[Scraped caption text data]
┏━━

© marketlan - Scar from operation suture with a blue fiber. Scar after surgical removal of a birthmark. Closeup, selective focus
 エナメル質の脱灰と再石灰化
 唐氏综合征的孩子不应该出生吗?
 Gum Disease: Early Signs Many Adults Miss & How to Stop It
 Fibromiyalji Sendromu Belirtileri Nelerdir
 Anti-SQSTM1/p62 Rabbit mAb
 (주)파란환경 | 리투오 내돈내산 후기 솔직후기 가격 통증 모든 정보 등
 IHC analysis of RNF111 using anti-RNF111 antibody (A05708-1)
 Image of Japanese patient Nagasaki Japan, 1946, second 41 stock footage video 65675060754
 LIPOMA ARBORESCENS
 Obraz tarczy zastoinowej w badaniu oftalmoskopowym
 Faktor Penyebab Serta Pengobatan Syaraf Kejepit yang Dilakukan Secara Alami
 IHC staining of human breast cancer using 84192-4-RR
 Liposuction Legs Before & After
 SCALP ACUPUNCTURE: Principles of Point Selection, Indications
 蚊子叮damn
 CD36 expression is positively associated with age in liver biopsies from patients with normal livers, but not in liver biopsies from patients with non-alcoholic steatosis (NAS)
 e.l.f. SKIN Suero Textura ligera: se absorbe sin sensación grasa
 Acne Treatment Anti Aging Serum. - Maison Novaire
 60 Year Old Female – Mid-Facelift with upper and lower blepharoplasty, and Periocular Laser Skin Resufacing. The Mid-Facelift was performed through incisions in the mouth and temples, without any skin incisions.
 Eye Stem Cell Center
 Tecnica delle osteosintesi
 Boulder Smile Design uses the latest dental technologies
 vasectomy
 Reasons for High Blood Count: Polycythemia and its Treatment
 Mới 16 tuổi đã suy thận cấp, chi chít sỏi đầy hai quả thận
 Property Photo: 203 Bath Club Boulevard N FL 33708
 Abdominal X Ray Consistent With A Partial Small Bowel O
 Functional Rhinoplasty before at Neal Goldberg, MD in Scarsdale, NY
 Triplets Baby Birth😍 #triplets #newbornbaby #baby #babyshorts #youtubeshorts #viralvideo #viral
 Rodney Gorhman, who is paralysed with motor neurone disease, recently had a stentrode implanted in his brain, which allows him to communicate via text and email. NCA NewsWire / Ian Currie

┗━━

Lines with the word "Treatment": how many appear in the data? State only the number.

## [ANSWER SECTION]
2